## EXERCISE PROMPT:
The required output is the exact run of lines in the listing below from the line holding "Asphalt Road between" through the line holding "hachikinさんの部屋", with no pictures.

## STUDY MATERIAL:
+--

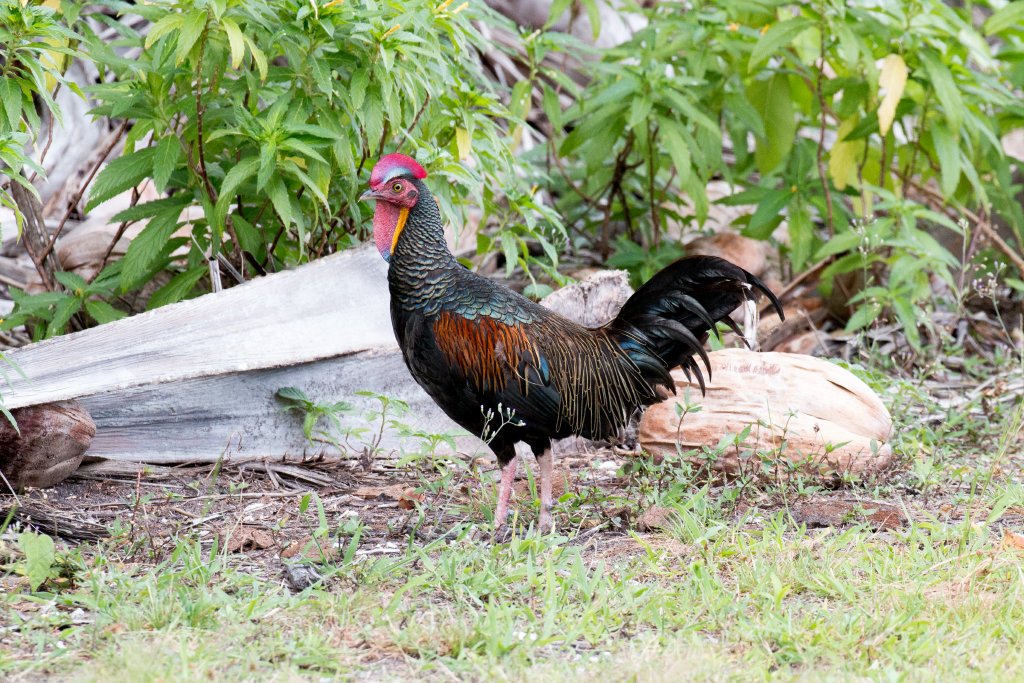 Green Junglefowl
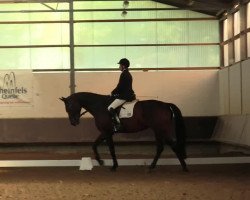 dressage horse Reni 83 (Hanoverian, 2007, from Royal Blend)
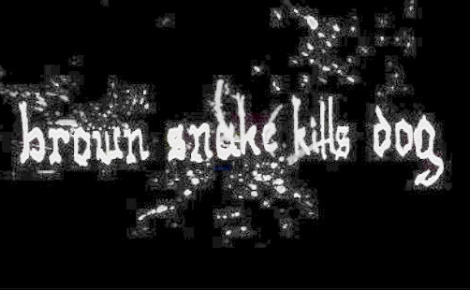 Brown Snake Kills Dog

+--

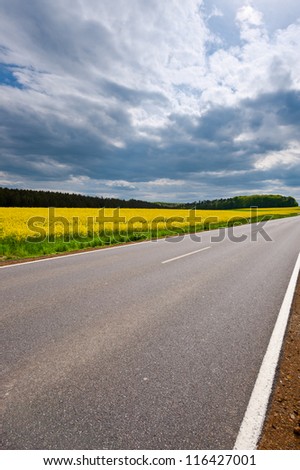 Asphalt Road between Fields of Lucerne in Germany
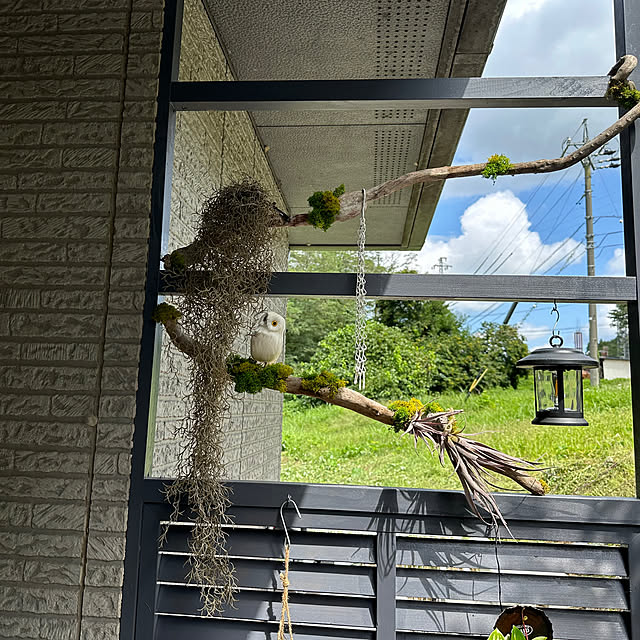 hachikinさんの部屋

+--

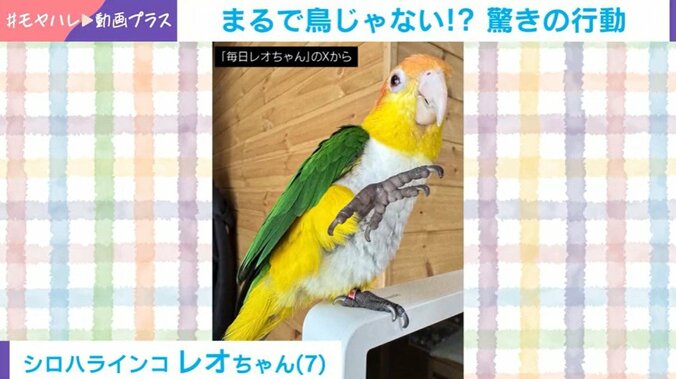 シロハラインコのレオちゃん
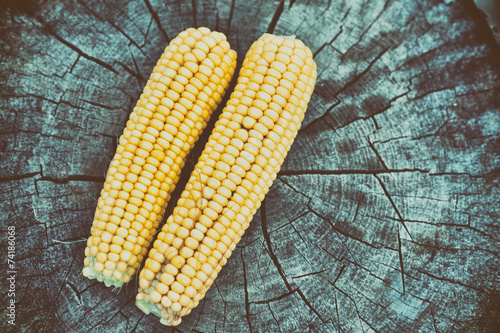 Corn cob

+--

## RESULT:
 Asphalt Road between Fields of Lucerne in Germany
 hachikinさんの部屋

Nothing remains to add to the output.